Trainings
A training in Cradl is the process of training a machine learning model on the data you provide.
Start a training job
The simplest way to start a training job is to use the training wizard in the Cradl app, just go to Models > Your model > Training jobs > New training. If you want to start a training job using one of our SDKs or CLI you need to create a Data Bundle first.
- CLI
- cURL
- Python
las models create-training --name "Initial training of receipt model" <modelId> <dataBundleId>
curl -X POST 'https://api.lucidtech.ai/v1/models/<modelId>/trainings' \
--header 'Content-Type: application/json' \
--header 'Authorization: Bearer eyJra...' \
--data-raw '{
"modelId": "<modelId>",
"dataBundleIds": [
"<dataBundleId>"
],
"name": "Initial training of receipt model"
}'
data_bundle = client.create_training(
model_id='<modelId>',
data_bundle_ids=['<dataBundleId>'],
name='Initial training of receipt model'
)
You will be notified by email when a training is started or changes status. You can also check the status of your training by inspecting the training object with the CLI or in the Cradl app.
Data Bundle
A data bundle is a model-specific collection of one or more Datasets. Before training a model, you must specify a data bundle that the model will use for training. Before the training job is started, one of our data scientists will review the auto-generated Data Report as part of our QA process.
Creating a data bundle
To create a data bundle for a model you must specify the modelId
and one or more datasetIds
, optionally giving it a
name and description. See Creating a model and
Creating a dataset for more information on how to create models and datasets.
- CLI
- cURL
- Python
las models create-data-bundle <modelId> <datasetId_1> <datasetId_2> --name "Invoice training data v1" --description "Training data from first two datasets"

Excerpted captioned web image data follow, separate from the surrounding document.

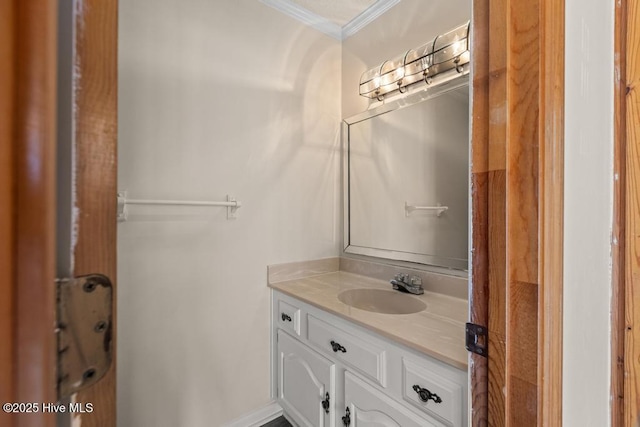 bathroom featuring vanity and ornamental molding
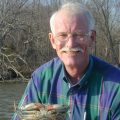 Tuck Hines, wearing a blue plaid shirt, holds a blue crab.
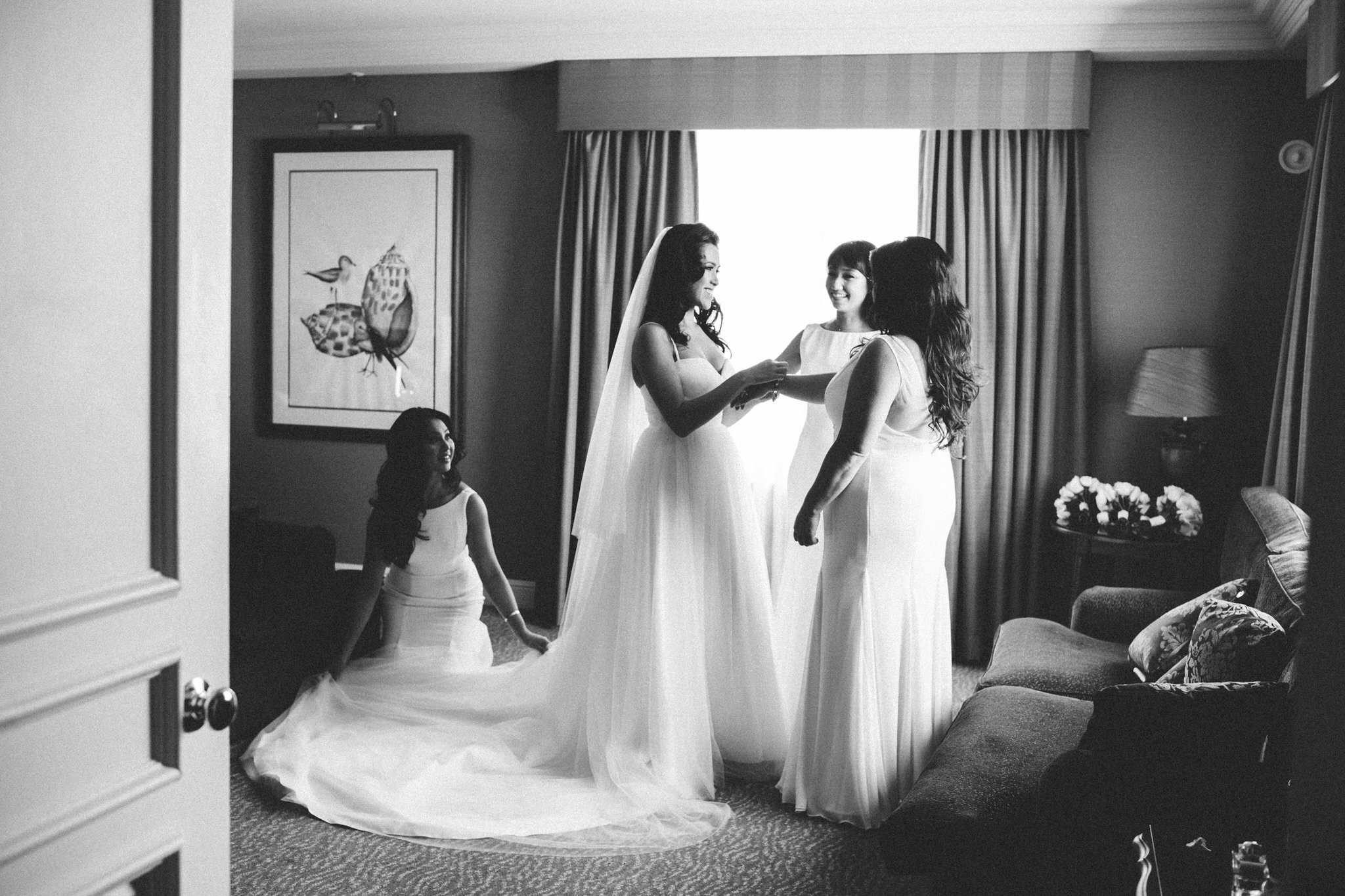 Bridesmaids helping bride get ready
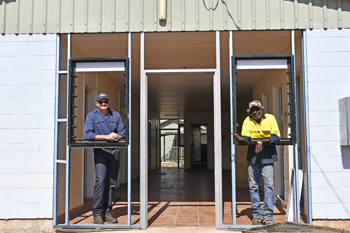 Department of Local Government, Housing and Community Development staff member Fred has a chat to local Kybrook Farm resident Patrick about his work on the latest Room to Breathe upgrades.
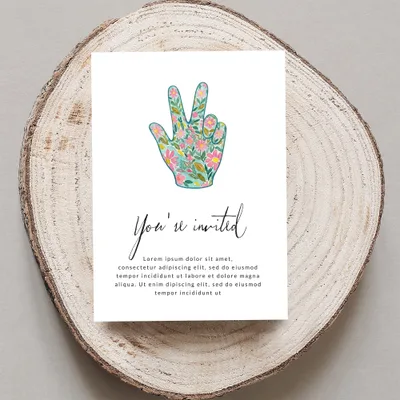 Invitation card with floral peace sign and placeholder text.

curl -X POST 'https://api.lucidtech.ai/v1/models/<modelId>/dataBundles' \
--header 'Content-Type: application/json' \
--header 'Authorization: Bearer eyJra...' \
--data-raw '{
"datasetIds": [
"<datasetId_1>",
"<datasetId_2>"
],
"name": "Invoice model training data v1",
"description": "Training data from first two datasets"
}'
data_bundle = client.create_data_bundle(
model_id='<modelId>',
dataset_ids=['<datasetId_1>', '<datasetId_2>'],
name='Invoice model training data v1',
description='Training data from first two datasets',
)
{
"dataBundleId": "<dataBundleId>",
"modelId": "<modelId>",
"name": "Invoice model training data v1",
"description": "Training data from first two datasets",
"datasets": [
{
...
},
{
...
}
],
"summary": null,
"status": "processing"
}
The data bundle will immediately begin to generate a Data Report. This process may
take a few minutes, depending on the size of the datasets being used. While this process is running, the data bundle
will have status processing
. When the data report is complete, the data bundle will be in a ready
state.
Updating a data bundle
Whenever you have updated a dataset, by adding, removing or updating documents, you must update the affected data bundles in order to use the updated data for training.
- CLI
- cURL
- Python
las models update-data-bundle <modelId> <dataBundleId>
curl -X PATCH 'https://api.lucidtech.ai/v1/models/<modelId>/dataBundles/<dataBundleId>' \
--header 'Authorization: Bearer eyJra...'
data_bundle = client.update_data_bundle(
model_id='<modelId>',
data_bundle_id='<dataBundleId>',
)
Data report
The data report can be viewed in the Cradl app. It scores the data contained in the data bundle, based on several measures of data quality. First, each label present in the underlying documents is scored based on the following statistical measures:
Measure | Description |
---|---|
Completeness | Percentage of documents with values. |
Validity | Percentage of valid values among occurring values. |
Coverage | Percentage of documents with valid values. |
Uniqueness | Percentage of values outside the top 10 most frequent. |
Uniformity | Proportion of information entropy in values outside the top 10 most frequent, relative to maximum obtainable entropy. Put simply, this measures how much different information is present in the values. |
Variation | Mean of Uniqueness and Uniformity. |
After scoring each label individually, the Coverage and Variation scores are aggregated to cross-label mean statistics. The overall score for the data bundle is the mean of these aggregate Coverage and Variation statistics.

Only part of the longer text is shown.